Salary Forecasting Model: Lessons From 50M Observations

The Problem: 77% of Job Postings Have No Salary

Salary is the most commercially valuable field in a job posting, and it is missing from roughly three out of every four records.

Across Canaria's dataset of 865 million job observations, approximately 201.7 million records include a stated salary. That is a 23.3% disclosure rate. The remaining 663 million records have no employer-provided compensation information. Each record carries 82 structured fields, but the one field buyers ask about first is empty 77% of the time. For anyone building compensation benchmarks, labor cost models, or talent market intelligence, this gap is the central data quality problem.

We built a salary prediction model to address it, trained on over 50 million salary observations from Glassdoor and Indeed. This post covers what we learned about salary data quality, compensation distributions, and the design choices that separate reliable predictions from confident noise. For background on how transparency laws are changing disclosure rates, see our analysis of the regulatory landscape.

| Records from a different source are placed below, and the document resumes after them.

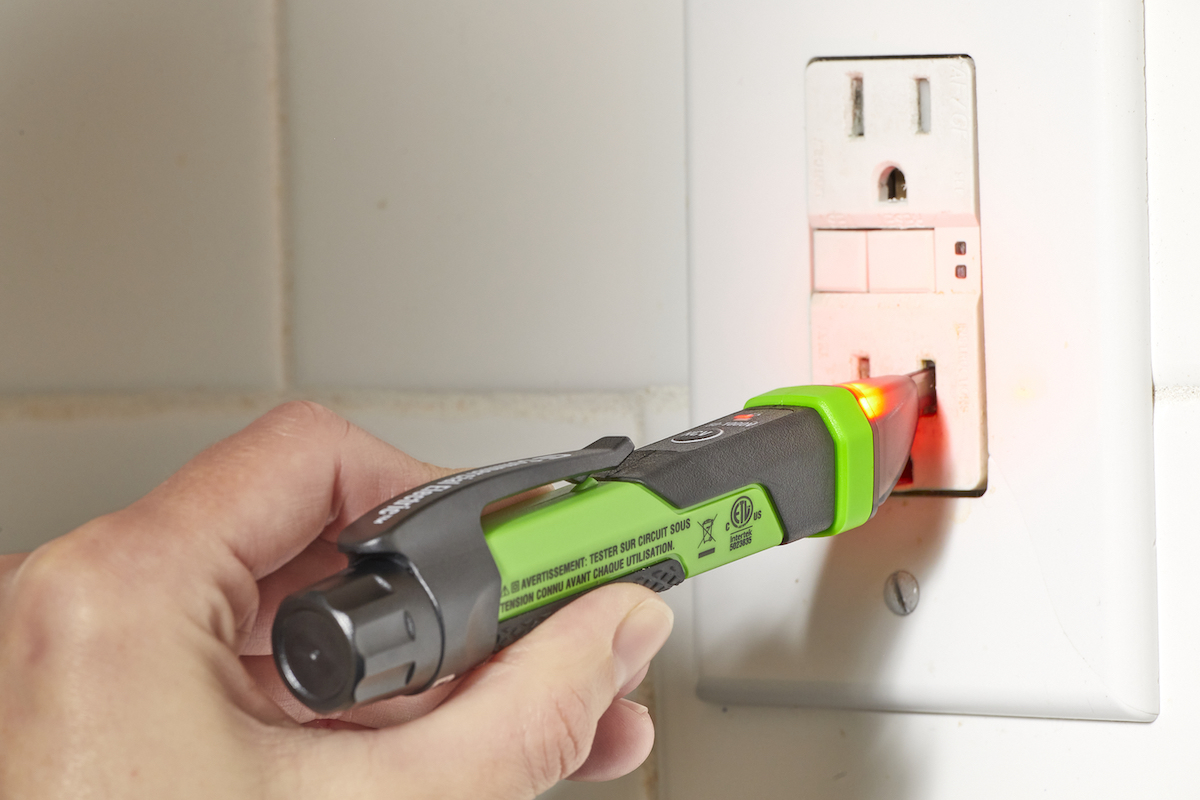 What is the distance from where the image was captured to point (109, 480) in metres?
0.43

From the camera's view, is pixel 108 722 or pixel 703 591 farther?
pixel 703 591

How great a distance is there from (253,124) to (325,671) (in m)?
0.30

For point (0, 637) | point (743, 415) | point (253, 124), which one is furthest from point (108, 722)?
point (253, 124)

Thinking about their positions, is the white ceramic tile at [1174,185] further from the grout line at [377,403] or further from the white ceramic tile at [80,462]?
the white ceramic tile at [80,462]

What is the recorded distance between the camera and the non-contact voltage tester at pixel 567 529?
194 millimetres

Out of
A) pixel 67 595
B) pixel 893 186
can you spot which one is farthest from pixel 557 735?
A: pixel 893 186

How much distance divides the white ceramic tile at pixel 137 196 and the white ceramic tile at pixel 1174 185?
346 millimetres

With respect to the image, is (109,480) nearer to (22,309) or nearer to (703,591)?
(22,309)

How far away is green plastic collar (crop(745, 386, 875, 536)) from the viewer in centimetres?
28

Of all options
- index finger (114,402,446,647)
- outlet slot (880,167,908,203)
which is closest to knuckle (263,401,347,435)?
index finger (114,402,446,647)

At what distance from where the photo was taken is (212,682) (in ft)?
0.70

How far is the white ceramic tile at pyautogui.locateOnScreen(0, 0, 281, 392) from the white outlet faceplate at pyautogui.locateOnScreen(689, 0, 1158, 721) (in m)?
0.20

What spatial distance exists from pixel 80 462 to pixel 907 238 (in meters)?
0.37

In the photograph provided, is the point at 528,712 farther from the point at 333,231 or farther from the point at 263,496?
the point at 333,231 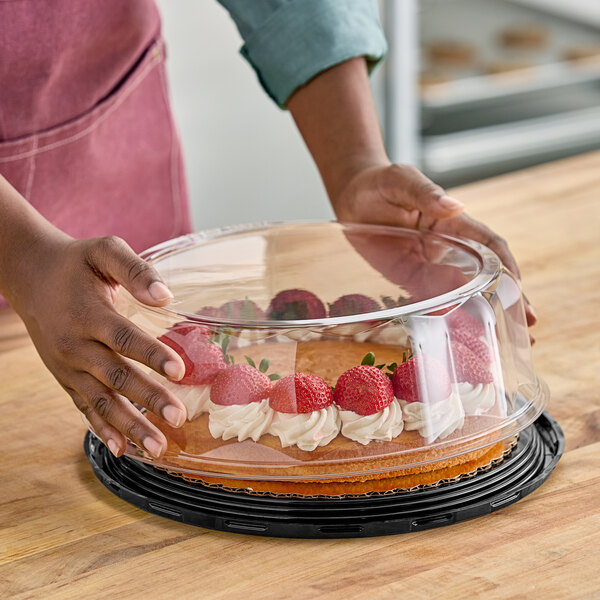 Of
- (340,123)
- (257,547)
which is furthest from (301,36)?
(257,547)

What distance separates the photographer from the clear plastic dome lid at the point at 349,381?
706mm

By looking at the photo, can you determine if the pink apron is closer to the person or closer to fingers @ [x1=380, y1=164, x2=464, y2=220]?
the person

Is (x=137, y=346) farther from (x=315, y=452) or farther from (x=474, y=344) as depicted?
(x=474, y=344)

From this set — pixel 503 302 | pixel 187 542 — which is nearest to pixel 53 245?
pixel 187 542

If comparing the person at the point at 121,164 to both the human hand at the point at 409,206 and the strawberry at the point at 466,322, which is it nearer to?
the human hand at the point at 409,206

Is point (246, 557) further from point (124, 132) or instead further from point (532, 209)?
point (532, 209)

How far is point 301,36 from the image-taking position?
1.15m

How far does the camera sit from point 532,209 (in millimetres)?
1556

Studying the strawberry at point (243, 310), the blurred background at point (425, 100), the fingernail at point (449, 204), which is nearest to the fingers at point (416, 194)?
the fingernail at point (449, 204)

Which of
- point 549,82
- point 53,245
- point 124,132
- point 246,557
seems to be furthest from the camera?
point 549,82

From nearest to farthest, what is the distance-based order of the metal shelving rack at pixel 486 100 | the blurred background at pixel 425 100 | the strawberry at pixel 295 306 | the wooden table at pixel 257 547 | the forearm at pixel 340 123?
the wooden table at pixel 257 547
the strawberry at pixel 295 306
the forearm at pixel 340 123
the blurred background at pixel 425 100
the metal shelving rack at pixel 486 100

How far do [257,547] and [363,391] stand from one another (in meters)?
0.14

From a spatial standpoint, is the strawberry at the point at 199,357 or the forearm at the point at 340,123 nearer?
the strawberry at the point at 199,357

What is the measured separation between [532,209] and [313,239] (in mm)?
714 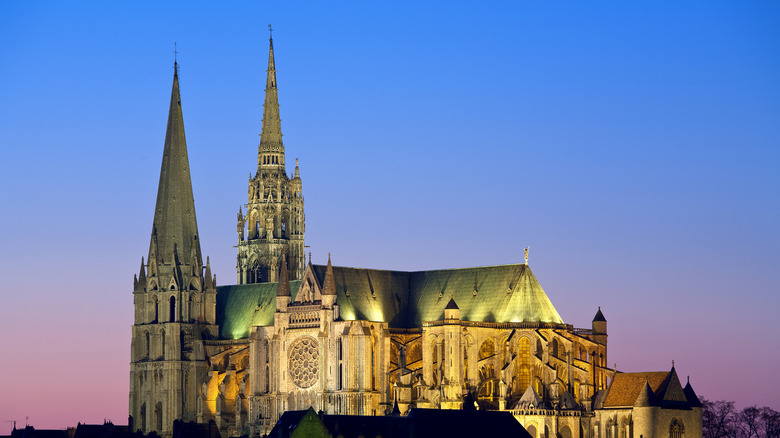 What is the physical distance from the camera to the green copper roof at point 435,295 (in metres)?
163

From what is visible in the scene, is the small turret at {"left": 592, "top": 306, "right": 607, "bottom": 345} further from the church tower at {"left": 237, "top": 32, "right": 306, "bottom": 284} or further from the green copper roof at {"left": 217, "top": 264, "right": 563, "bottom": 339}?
the church tower at {"left": 237, "top": 32, "right": 306, "bottom": 284}

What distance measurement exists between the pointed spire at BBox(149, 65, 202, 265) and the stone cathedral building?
0.14m

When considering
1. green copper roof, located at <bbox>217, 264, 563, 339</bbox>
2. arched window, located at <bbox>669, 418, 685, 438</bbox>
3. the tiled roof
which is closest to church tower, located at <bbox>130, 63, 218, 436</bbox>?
green copper roof, located at <bbox>217, 264, 563, 339</bbox>

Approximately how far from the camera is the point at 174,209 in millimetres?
184000

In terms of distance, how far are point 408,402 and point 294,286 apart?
80.8 ft

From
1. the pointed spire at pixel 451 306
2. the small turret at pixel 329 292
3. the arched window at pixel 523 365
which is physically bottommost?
the arched window at pixel 523 365

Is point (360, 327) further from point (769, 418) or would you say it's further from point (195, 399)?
point (769, 418)

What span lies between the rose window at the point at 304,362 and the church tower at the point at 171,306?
18.1m

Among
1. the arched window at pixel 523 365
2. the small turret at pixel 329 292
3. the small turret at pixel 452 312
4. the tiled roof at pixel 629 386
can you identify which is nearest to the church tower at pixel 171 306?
the small turret at pixel 329 292

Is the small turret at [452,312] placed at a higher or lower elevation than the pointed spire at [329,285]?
lower

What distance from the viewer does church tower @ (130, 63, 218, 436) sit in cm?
18088

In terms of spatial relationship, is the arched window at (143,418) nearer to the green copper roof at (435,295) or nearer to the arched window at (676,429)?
the green copper roof at (435,295)

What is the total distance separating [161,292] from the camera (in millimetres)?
183750

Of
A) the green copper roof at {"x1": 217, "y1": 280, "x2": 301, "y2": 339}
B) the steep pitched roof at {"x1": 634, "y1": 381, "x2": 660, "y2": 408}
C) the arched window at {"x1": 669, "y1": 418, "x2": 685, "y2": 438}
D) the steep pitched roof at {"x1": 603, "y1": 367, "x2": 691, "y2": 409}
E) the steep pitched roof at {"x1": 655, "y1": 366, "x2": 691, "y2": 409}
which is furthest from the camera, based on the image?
the green copper roof at {"x1": 217, "y1": 280, "x2": 301, "y2": 339} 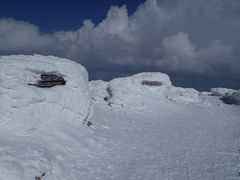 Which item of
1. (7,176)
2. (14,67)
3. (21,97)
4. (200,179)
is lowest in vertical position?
(200,179)

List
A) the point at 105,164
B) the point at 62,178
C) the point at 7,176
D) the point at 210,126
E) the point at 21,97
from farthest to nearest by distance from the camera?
the point at 210,126, the point at 21,97, the point at 105,164, the point at 62,178, the point at 7,176

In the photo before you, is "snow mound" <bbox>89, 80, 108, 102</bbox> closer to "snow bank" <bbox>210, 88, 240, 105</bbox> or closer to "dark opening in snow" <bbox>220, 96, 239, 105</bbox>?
"dark opening in snow" <bbox>220, 96, 239, 105</bbox>

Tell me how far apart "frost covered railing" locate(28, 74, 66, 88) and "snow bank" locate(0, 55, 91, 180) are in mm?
317

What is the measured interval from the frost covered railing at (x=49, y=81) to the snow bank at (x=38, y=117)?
1.04 feet

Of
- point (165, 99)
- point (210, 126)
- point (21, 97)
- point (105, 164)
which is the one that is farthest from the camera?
point (165, 99)

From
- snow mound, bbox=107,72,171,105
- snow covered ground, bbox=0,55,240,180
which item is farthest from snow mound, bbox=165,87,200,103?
snow covered ground, bbox=0,55,240,180

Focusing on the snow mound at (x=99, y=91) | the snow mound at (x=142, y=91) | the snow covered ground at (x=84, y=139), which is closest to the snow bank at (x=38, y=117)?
the snow covered ground at (x=84, y=139)

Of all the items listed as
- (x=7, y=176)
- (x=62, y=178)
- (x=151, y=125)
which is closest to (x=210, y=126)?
(x=151, y=125)

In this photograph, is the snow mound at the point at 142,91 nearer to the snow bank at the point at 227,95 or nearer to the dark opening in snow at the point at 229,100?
the dark opening in snow at the point at 229,100

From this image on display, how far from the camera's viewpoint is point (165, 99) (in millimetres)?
35375

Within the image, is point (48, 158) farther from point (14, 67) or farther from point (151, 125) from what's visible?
point (151, 125)

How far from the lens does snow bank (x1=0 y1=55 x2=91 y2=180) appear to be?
35.1ft

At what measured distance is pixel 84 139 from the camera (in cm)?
1634

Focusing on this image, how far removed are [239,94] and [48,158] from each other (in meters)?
34.3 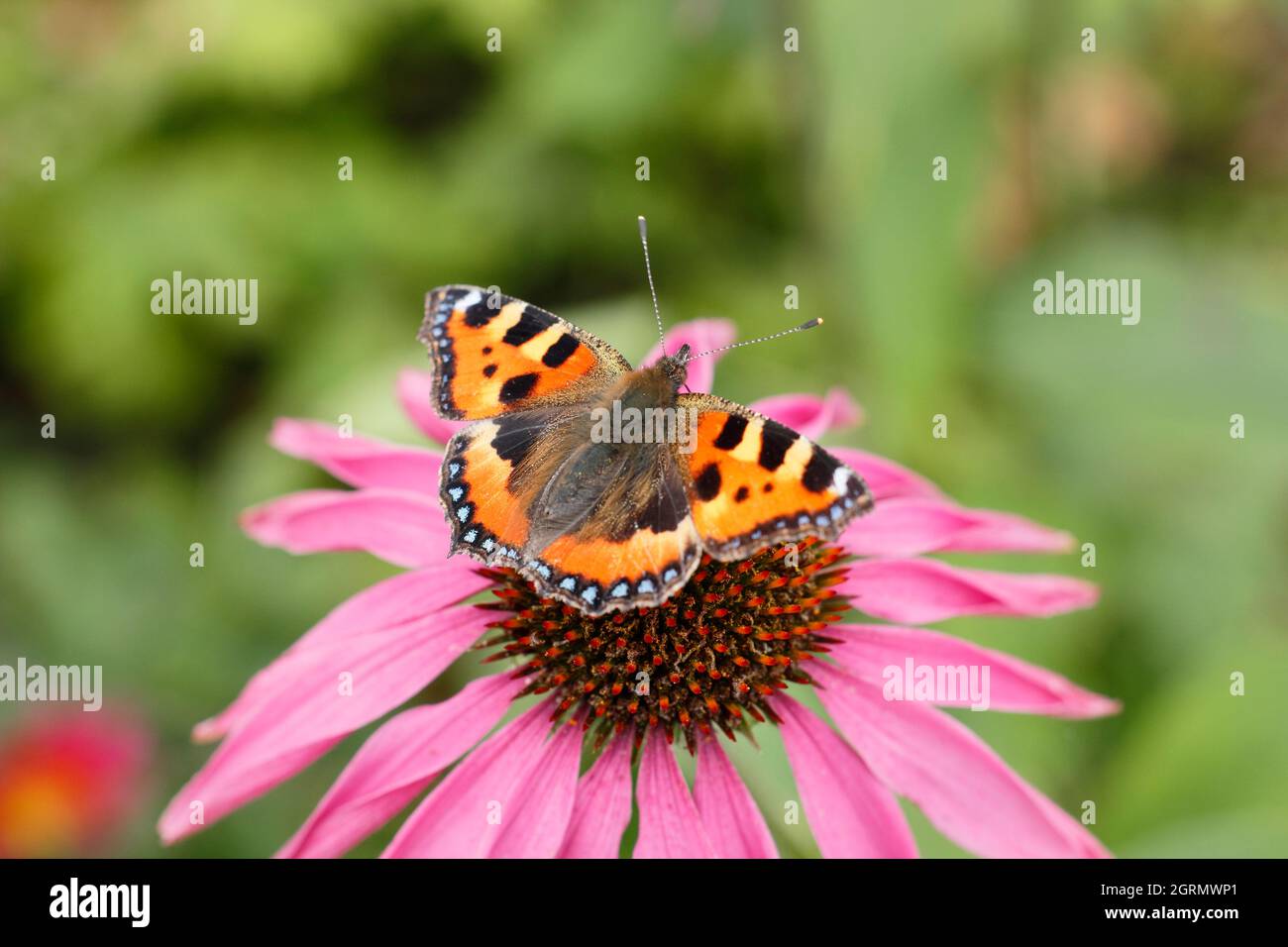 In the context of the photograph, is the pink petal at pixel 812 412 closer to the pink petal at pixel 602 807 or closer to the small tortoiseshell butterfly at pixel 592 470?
the small tortoiseshell butterfly at pixel 592 470

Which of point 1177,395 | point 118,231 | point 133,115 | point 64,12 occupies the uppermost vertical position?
point 64,12

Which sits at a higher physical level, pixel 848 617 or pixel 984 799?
pixel 848 617

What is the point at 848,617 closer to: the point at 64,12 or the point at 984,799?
the point at 984,799

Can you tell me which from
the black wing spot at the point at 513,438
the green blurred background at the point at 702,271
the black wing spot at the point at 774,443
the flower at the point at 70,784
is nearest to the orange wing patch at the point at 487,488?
the black wing spot at the point at 513,438

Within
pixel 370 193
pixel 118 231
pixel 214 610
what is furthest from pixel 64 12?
pixel 214 610

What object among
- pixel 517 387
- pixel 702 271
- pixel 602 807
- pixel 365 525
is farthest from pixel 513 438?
pixel 702 271

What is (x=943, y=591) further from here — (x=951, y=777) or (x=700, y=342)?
(x=700, y=342) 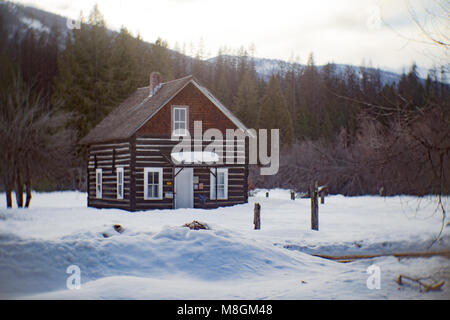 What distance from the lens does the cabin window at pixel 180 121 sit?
1017 inches

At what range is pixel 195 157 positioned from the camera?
85.4 ft

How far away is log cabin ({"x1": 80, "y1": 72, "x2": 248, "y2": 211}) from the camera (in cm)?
2522

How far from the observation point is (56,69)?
5088 centimetres

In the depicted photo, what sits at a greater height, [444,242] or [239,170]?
[239,170]

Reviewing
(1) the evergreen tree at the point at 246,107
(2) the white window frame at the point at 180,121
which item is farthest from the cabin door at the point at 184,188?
(1) the evergreen tree at the point at 246,107

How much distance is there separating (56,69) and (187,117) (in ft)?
100

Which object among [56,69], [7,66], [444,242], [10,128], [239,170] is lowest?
[444,242]

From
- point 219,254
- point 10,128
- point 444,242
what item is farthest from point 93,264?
point 10,128

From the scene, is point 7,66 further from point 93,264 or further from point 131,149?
point 131,149

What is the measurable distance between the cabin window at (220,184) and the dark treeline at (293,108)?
14.2 feet

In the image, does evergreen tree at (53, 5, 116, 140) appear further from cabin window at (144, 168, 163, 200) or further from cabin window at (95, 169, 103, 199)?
cabin window at (144, 168, 163, 200) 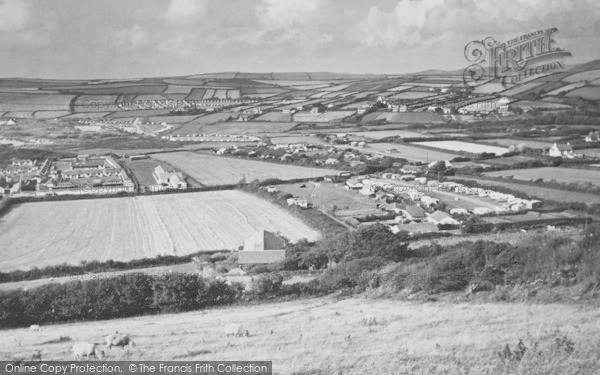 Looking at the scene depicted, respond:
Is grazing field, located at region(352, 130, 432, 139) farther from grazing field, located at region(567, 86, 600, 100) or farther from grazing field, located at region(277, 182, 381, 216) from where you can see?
grazing field, located at region(277, 182, 381, 216)

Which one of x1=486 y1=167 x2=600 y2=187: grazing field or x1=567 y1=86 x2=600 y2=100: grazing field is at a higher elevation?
x1=567 y1=86 x2=600 y2=100: grazing field

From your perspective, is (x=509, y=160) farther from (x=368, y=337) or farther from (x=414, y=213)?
(x=368, y=337)

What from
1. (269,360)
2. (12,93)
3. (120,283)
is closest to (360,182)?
(120,283)

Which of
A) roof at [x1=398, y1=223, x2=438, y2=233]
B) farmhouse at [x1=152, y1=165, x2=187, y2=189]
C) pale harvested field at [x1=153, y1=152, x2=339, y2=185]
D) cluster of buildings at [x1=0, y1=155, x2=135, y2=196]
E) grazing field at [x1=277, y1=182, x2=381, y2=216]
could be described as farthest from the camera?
pale harvested field at [x1=153, y1=152, x2=339, y2=185]

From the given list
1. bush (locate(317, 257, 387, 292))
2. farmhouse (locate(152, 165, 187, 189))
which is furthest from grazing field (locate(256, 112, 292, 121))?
bush (locate(317, 257, 387, 292))

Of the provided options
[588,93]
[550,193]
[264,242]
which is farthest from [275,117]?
[264,242]

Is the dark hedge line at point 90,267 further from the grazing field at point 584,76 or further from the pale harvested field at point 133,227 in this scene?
the grazing field at point 584,76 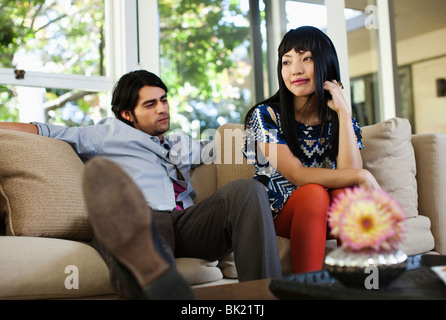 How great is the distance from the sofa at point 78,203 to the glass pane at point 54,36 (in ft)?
3.84

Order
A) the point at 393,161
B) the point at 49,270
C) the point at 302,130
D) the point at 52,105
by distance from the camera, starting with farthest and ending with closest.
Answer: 1. the point at 52,105
2. the point at 393,161
3. the point at 302,130
4. the point at 49,270

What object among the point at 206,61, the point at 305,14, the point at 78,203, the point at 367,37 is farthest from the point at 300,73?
the point at 367,37

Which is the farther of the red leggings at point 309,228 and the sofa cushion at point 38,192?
the sofa cushion at point 38,192

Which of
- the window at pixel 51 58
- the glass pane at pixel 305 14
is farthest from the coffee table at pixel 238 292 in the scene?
the glass pane at pixel 305 14

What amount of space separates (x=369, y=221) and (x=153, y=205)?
1025mm

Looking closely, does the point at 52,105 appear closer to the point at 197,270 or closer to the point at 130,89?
the point at 130,89

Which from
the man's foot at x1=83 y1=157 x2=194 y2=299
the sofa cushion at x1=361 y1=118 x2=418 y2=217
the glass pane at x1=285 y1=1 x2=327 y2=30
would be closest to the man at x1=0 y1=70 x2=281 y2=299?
the man's foot at x1=83 y1=157 x2=194 y2=299

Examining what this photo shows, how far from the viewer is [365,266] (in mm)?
800

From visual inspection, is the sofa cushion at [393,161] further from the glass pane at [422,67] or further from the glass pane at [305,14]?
the glass pane at [422,67]

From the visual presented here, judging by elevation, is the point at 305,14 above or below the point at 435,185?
above

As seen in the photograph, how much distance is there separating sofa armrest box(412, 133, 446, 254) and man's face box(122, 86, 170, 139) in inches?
42.3

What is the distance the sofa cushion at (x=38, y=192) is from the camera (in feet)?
4.85

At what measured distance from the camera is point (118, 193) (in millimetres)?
720

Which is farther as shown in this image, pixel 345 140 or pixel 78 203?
pixel 345 140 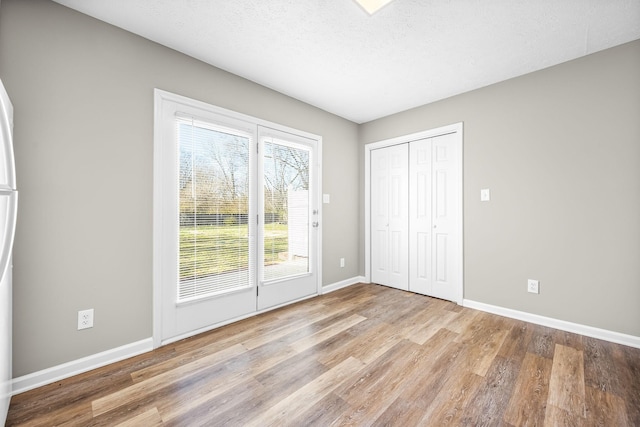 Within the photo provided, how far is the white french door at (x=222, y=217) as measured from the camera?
2207mm

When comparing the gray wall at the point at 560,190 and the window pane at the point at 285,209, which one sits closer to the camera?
the gray wall at the point at 560,190

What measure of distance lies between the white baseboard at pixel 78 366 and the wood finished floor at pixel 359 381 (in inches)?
2.1

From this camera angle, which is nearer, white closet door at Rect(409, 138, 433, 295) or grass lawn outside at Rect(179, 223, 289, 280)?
grass lawn outside at Rect(179, 223, 289, 280)

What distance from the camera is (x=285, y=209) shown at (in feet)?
10.2

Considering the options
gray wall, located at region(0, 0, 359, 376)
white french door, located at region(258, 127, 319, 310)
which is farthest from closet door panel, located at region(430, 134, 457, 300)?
gray wall, located at region(0, 0, 359, 376)

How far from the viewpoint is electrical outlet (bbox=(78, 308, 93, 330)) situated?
1.82 m

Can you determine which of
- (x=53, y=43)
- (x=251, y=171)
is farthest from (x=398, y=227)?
(x=53, y=43)

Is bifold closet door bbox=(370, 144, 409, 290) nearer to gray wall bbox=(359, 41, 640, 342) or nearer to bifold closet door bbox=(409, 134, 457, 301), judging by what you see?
bifold closet door bbox=(409, 134, 457, 301)

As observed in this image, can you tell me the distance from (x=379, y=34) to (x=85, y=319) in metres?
2.97

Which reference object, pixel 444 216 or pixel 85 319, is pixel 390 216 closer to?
pixel 444 216

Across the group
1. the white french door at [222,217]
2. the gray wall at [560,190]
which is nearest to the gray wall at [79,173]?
the white french door at [222,217]

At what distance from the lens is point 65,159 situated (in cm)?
177

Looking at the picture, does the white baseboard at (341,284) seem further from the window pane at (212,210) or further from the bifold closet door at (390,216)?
the window pane at (212,210)

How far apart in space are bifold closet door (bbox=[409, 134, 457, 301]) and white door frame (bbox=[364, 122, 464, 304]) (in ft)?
0.21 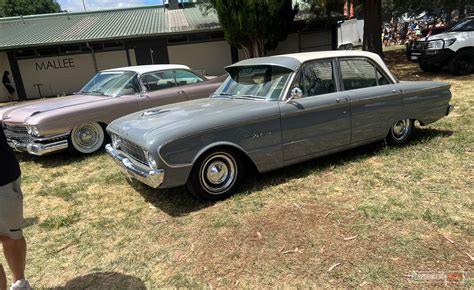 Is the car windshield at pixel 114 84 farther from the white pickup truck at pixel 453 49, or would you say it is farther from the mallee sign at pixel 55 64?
the mallee sign at pixel 55 64

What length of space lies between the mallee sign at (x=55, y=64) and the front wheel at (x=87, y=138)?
15.3 meters

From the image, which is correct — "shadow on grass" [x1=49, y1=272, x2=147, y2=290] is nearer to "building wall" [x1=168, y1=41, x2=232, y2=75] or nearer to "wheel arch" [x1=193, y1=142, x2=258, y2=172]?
"wheel arch" [x1=193, y1=142, x2=258, y2=172]

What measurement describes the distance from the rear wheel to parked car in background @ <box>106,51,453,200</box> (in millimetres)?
7535

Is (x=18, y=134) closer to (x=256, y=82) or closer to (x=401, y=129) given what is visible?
(x=256, y=82)

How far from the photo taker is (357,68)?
5188 millimetres

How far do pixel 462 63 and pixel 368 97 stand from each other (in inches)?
356

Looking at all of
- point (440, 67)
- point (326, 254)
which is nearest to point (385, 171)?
point (326, 254)

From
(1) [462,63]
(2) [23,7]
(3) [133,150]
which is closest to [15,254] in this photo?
(3) [133,150]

What 203.9 Million Salary Records Look Like

Before building a model, we needed to understand the stated salary data already in the pipeline. Our delivery table contains 203.9 million records with populated salary fields, distributed as follows:

Salary Range	Records	Share
Under $30,000	24.3M	11.9%
$30,000 - $50,000	94.3M	46.2%
$50,000 - $75,000	39.5M	19.4%
$75,000 - $100,000	19.1M	9.4%
$100,000 - $150,000	16.7M	8.2%
$150,000 - $200,000	6.3M	3.1%
Over $200,000	3.7M	1.8%

The distribution is heavily right-skewed, with the $30,000-$50,000 bucket containing nearly half of all salary-populated postings. Jobs most likely to include stated salaries are hourly and entry-level positions in retail, healthcare, food service, and logistics, where ranges are standardized. Knowledge worker roles are underrepresented in the stated-salary subset. This selection bias is the first thing any prediction model must account for. The full field structure is documented in our schema.

The Seniority Gradient

The compensation gradient across seniority levels shows expected patterns with one notable compression:

Seniority Level	Average Salary	Records
Executive	$120,835	2.5M
Director	$109,546	3.4M
Mid-Senior	$79,287	46.2M
Associate	$68,040	2.2M
Internship	$53,623	2.4M
Entry Level	$49,059	95.3M

The gap between Entry Level ($49,059) and Executive ($120,835) is only a 2.46x multiplier. That is notably compressed compared to actual total compensation. Executive compensation increasingly comes through equity, bonuses, and deferred comp that do not appear in posting salary fields. The Mid-Senior level ($79,287, 46.2M records) is where prediction is most commercially valuable: large enough for market analysis, variable enough across location and industry, and dense enough for reliable modeling.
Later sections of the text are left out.